От автора:Несколько лет назад, прочитав в блестящем переводе Сергея Ильина четыре романа Набокова американского периода ("Подлинная жизнь Себастьяна Найта", "Пнин", "Bend sinister" и "Бледное пламя"), я задумалась над одной весьма злободневной проблемой. Возможно ли, даже овладев в совершенстве чужим языком, предпочтя его родному по соображениям личного или (как хочется думать в случае с Набоковым) творческого характера, создать гармоничный и неуязвимый текст, являющийся носителем великой тайны — двух тайн — человеческой речи? Гармоничный и неуязвимый, то есть рассчитанный на потери при возможном переводе его на другой язык и в то же время не допускающий таких потерь. Эдакий "билингв", оборотень, отбрасывающий двойную тень на два материка планеты. Упомянутый мной перевод (повторяю: блестящий), казалось, говорил в пользу такой возможности. Вся густая прозрачная вязкая пленка русской набоковской прозы, так надежно укрывавшая от придирчивых глаз слабые тельца его юношеских романов, была перенесена русским мастером на изделие, существованием которого в будущем его первый создатель не мог не озаботиться, ставя свой рискованный эксперимент.
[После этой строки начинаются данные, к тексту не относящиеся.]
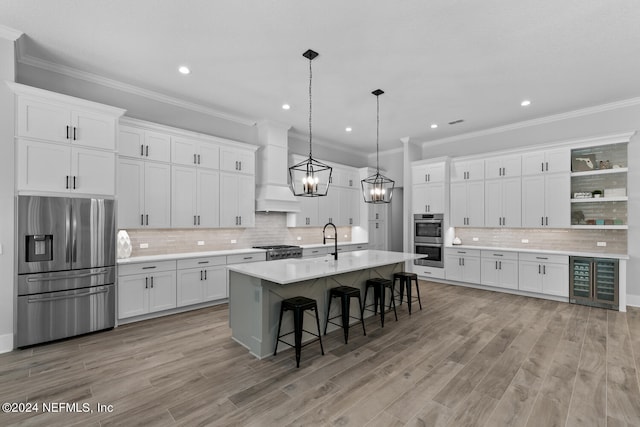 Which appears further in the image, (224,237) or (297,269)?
(224,237)

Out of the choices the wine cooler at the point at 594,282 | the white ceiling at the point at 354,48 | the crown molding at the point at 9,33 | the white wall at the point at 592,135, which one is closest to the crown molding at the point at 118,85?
the white ceiling at the point at 354,48

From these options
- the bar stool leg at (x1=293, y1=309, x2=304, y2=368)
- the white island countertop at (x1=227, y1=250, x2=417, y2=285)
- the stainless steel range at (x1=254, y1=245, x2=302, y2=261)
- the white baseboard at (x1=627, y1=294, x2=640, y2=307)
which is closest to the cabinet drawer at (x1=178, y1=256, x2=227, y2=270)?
the stainless steel range at (x1=254, y1=245, x2=302, y2=261)

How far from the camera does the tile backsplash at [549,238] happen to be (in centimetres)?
539

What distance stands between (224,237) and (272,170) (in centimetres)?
163

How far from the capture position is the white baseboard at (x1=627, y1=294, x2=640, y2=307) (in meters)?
5.04

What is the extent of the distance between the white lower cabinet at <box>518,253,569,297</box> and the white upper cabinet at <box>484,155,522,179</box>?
5.49 ft

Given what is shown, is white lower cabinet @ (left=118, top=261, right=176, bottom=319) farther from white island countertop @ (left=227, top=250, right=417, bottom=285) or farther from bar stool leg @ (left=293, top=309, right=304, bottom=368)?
bar stool leg @ (left=293, top=309, right=304, bottom=368)

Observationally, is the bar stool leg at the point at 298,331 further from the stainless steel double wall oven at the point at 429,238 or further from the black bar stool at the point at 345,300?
the stainless steel double wall oven at the point at 429,238

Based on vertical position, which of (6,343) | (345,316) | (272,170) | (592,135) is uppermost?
(592,135)

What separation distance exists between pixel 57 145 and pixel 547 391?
5746mm

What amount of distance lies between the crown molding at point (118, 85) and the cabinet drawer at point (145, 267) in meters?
2.67

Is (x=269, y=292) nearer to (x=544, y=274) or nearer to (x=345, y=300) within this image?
(x=345, y=300)

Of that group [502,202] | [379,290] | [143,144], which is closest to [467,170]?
[502,202]

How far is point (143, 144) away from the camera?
4586 mm
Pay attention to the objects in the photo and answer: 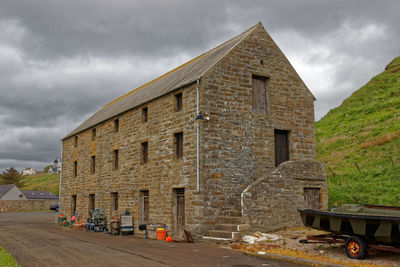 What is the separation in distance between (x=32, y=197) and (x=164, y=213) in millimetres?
59044

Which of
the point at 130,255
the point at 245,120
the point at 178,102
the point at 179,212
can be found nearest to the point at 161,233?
the point at 179,212

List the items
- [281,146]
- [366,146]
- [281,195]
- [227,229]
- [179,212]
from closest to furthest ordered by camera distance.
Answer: [227,229]
[281,195]
[179,212]
[281,146]
[366,146]

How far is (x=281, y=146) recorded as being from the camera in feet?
58.3

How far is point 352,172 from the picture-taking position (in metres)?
24.3

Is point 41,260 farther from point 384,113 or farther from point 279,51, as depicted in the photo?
point 384,113

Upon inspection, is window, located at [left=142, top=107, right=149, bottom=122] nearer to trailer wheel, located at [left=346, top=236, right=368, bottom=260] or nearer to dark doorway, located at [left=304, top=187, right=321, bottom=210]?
dark doorway, located at [left=304, top=187, right=321, bottom=210]

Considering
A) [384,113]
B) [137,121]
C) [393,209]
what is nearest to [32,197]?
[137,121]

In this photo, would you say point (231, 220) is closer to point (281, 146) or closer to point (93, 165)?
point (281, 146)

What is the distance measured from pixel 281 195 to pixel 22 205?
54483 millimetres

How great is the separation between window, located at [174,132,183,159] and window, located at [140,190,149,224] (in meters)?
3.35

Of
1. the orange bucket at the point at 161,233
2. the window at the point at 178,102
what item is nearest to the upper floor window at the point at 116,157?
the window at the point at 178,102

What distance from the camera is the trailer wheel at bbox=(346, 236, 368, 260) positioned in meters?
9.55

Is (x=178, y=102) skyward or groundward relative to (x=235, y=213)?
skyward

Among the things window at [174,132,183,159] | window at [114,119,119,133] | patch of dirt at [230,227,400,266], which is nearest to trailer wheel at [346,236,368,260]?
patch of dirt at [230,227,400,266] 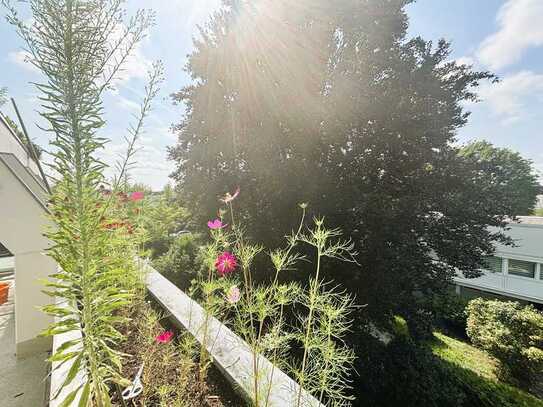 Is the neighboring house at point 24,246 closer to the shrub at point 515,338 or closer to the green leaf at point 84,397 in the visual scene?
the green leaf at point 84,397

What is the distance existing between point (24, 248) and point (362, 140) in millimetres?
5469

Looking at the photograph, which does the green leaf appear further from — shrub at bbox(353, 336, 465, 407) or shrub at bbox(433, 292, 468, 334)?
shrub at bbox(433, 292, 468, 334)

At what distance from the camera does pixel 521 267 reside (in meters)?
9.61

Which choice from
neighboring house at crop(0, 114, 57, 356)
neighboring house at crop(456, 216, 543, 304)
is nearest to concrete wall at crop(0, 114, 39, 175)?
neighboring house at crop(0, 114, 57, 356)

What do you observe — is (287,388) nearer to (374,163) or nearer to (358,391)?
(358,391)

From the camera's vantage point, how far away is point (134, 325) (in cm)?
196

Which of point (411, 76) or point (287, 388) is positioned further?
point (411, 76)

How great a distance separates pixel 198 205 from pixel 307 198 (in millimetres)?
2884

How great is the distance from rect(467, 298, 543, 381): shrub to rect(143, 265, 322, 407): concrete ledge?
724cm

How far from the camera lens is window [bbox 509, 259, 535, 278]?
9352 millimetres

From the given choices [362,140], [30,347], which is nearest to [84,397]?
[30,347]

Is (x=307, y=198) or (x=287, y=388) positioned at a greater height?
(x=307, y=198)

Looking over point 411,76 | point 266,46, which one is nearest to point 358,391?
point 411,76

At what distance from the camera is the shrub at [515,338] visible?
210 inches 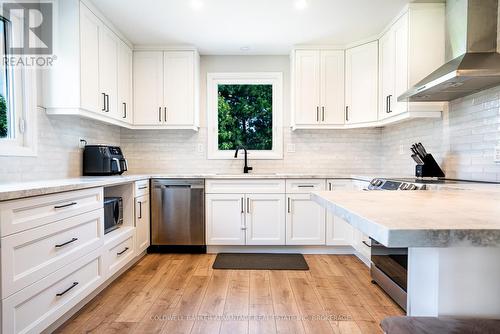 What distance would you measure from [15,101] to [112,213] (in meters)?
1.10

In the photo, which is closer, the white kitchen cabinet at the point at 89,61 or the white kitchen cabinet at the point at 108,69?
the white kitchen cabinet at the point at 89,61

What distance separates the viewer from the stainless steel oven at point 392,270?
1719 mm

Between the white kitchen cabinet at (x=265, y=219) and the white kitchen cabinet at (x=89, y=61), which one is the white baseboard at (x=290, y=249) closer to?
the white kitchen cabinet at (x=265, y=219)

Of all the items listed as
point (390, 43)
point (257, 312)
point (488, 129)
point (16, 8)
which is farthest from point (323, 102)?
point (16, 8)

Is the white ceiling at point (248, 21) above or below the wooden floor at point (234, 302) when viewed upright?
above

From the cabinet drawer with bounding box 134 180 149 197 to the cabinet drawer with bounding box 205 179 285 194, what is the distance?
0.64 meters

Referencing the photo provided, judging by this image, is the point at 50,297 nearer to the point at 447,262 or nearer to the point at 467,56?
the point at 447,262

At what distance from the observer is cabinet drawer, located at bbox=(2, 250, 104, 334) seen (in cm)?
133

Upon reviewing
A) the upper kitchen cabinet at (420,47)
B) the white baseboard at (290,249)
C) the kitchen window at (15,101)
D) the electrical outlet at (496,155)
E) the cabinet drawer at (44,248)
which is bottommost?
the white baseboard at (290,249)

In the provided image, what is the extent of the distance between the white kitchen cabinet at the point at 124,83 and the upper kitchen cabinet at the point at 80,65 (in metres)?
0.22

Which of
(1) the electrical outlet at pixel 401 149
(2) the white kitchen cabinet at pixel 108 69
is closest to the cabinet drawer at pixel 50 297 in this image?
(2) the white kitchen cabinet at pixel 108 69

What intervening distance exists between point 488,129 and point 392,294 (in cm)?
136

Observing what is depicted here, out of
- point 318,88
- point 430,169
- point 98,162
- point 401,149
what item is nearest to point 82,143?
point 98,162

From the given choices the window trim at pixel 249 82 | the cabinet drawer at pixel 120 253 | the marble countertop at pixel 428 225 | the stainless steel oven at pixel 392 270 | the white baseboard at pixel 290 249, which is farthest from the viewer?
the window trim at pixel 249 82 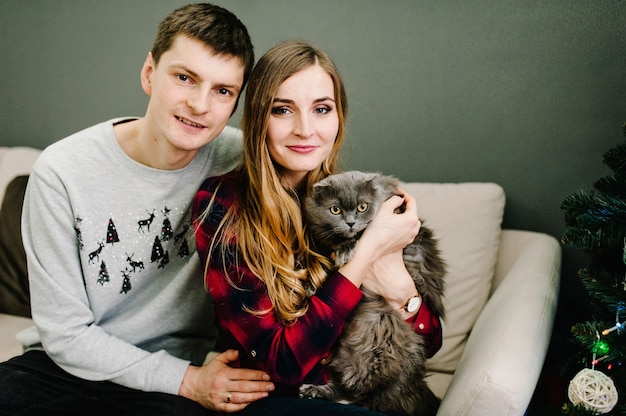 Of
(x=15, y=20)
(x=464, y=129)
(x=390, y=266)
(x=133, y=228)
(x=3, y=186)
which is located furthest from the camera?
(x=15, y=20)

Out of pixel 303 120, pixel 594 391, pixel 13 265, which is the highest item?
pixel 303 120

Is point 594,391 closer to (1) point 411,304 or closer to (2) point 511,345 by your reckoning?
(2) point 511,345

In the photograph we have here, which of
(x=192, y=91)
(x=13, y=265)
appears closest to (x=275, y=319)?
(x=192, y=91)

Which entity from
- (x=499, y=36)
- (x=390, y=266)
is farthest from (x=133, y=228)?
(x=499, y=36)

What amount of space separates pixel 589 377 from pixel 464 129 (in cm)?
117

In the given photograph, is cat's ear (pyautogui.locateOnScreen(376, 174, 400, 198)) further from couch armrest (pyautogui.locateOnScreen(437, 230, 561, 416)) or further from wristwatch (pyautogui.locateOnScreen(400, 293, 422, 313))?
couch armrest (pyautogui.locateOnScreen(437, 230, 561, 416))

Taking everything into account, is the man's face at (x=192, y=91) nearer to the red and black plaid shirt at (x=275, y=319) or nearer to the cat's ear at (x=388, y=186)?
the red and black plaid shirt at (x=275, y=319)

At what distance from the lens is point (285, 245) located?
140 cm

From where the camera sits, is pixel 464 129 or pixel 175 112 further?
pixel 464 129

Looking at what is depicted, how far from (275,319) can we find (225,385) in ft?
0.87

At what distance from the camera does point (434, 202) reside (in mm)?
1940

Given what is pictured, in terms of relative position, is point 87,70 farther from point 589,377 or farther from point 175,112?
point 589,377

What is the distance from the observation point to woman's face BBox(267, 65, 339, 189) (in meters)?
1.36

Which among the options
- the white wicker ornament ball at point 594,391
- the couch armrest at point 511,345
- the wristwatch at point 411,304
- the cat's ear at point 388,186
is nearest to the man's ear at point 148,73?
the cat's ear at point 388,186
Переводы Ильина столь органичны, что у неосведомленного читателя они могут вызвать подозрение в мистификации. А был ли Ильин? А не слишком ли проста его фамилия? Не сам ли Набоков перевел впрок свои последние романы? Не он ли автор подробнейших комментариев и составитель "словаря иностранных терминов", приложенного к изданию переводов трех еще "русских" — сюжетно — романов? Да ведь вот уже в "Бледном пламени", простившись с Россией живой и попытавшись воскресить ее в виде интернационального, лишенного пола идола, он словно хватает себя за руку: это писал не я! Я лишь комментатор и отчасти переводчик. Страшное, как вдумаешься, признание.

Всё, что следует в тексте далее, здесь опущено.